- _WORK TO COMPLETE_
The listing below is to be copied exactly, with pictures excluded.

- _THE RECORDS_
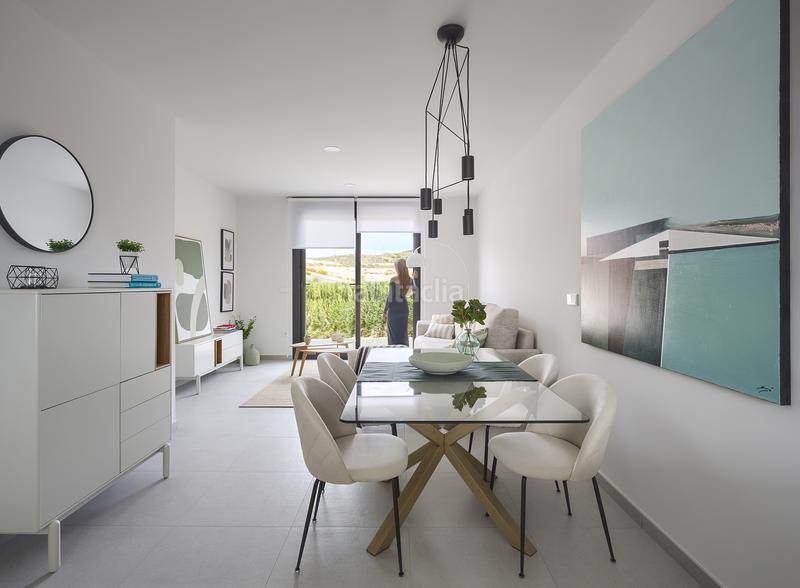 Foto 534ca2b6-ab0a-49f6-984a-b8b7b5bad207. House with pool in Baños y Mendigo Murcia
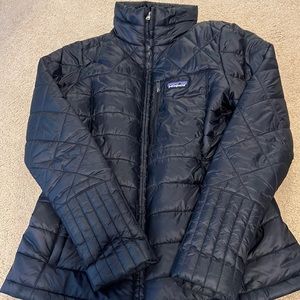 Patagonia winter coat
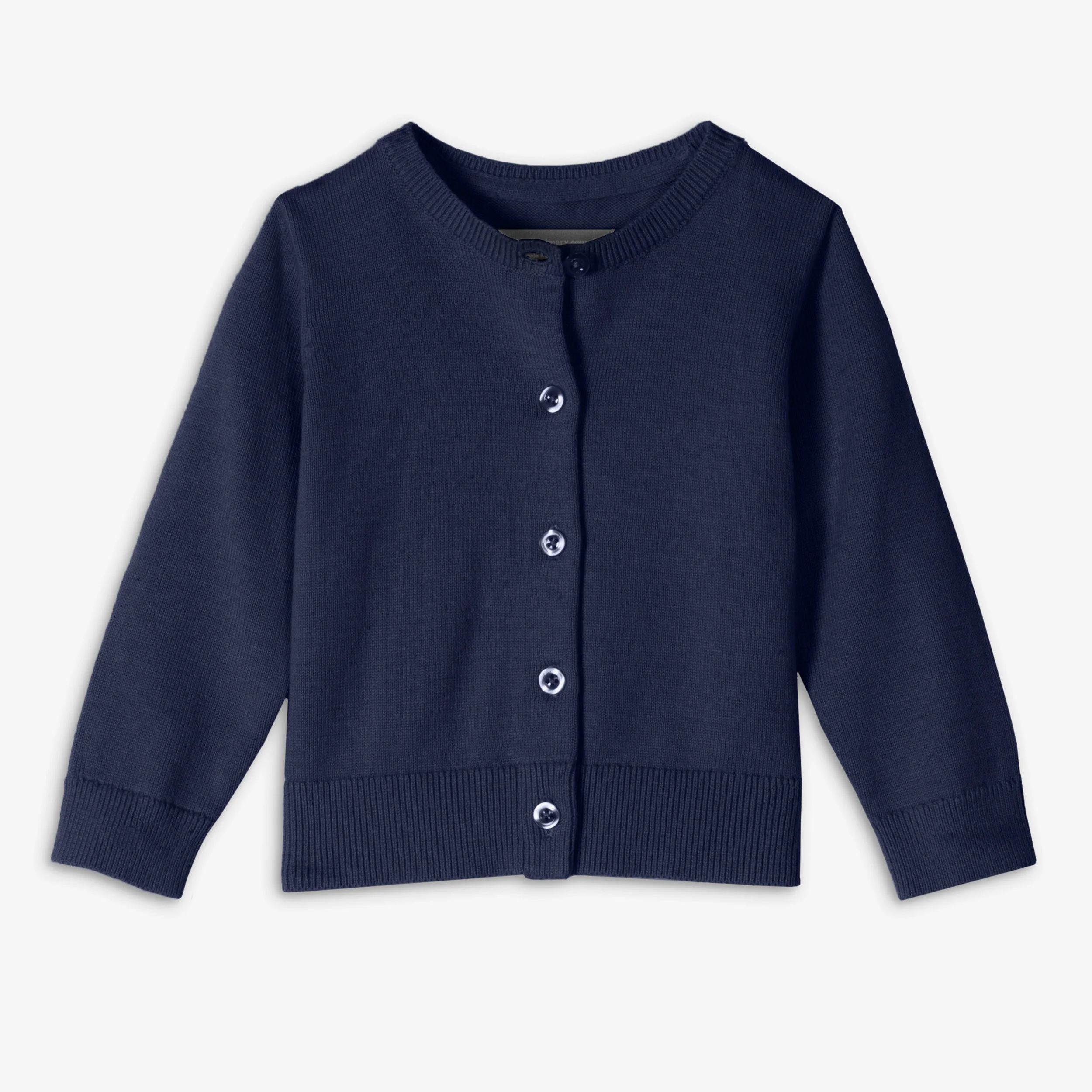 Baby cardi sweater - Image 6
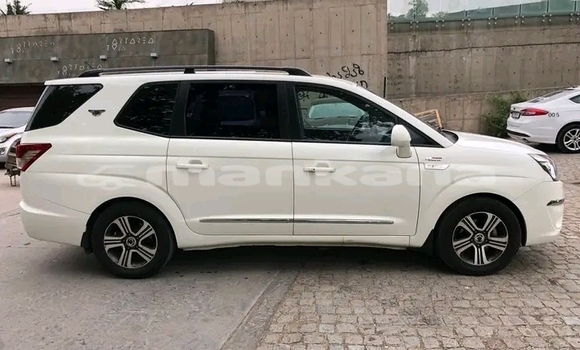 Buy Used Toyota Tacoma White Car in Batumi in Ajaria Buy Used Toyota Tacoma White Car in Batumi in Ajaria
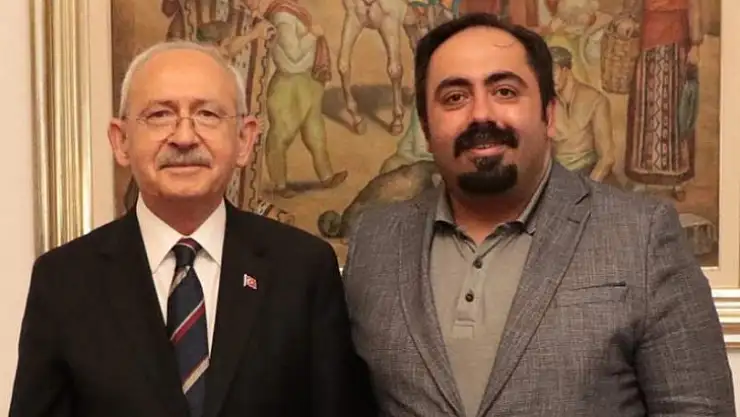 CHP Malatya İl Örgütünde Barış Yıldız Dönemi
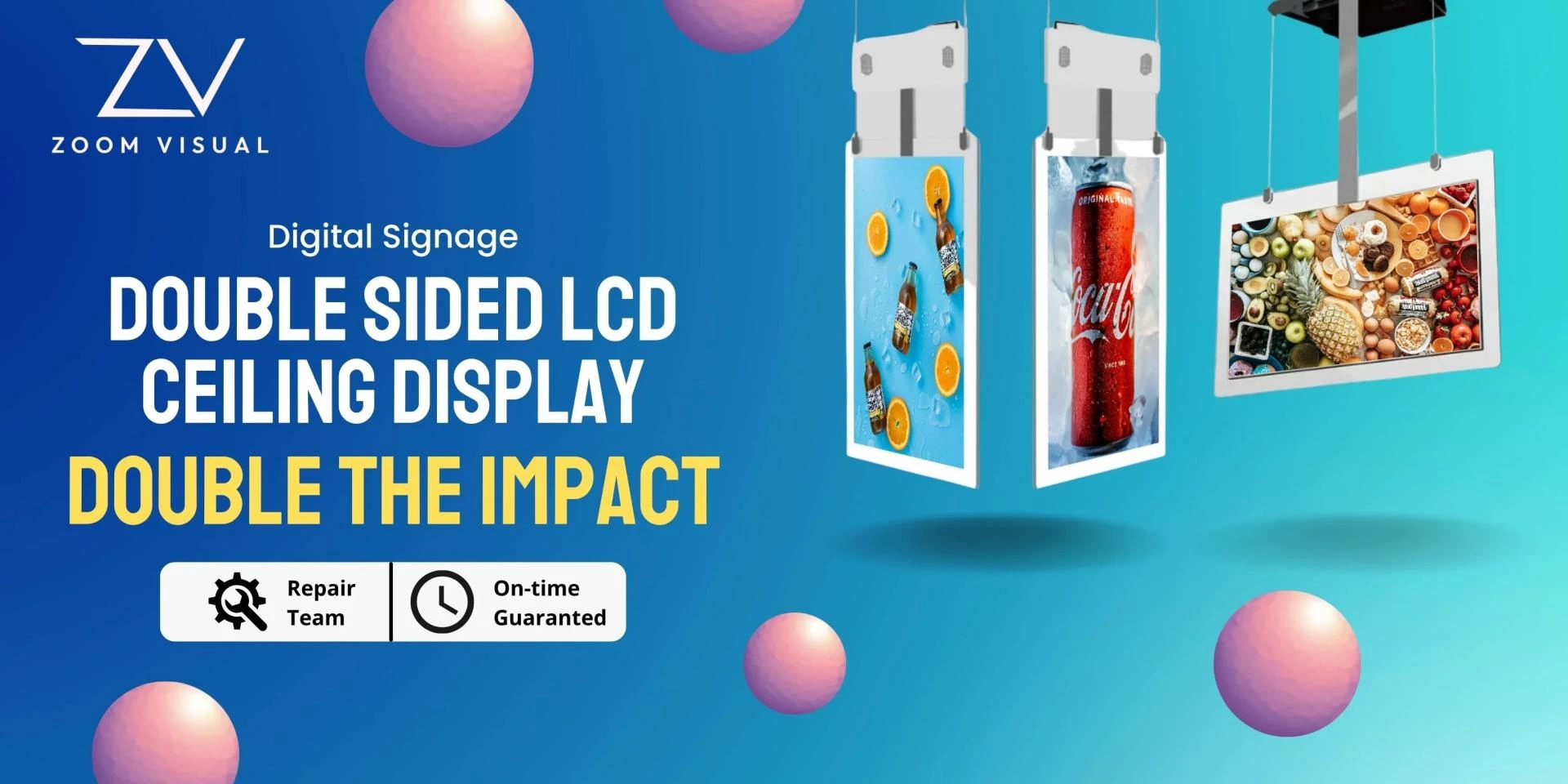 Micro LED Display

- _RESULT_
 Foto 534ca2b6-ab0a-49f6-984a-b8b7b5bad207. House with pool in Baños y Mendigo Murcia
 Patagonia winter coat
 Baby cardi sweater - Image 6
 Buy Used Toyota Tacoma White Car in Batumi in Ajaria Buy Used Toyota Tacoma White Car in Batumi in Ajaria
 CHP Malatya İl Örgütünde Barış Yıldız Dönemi
 Micro LED Display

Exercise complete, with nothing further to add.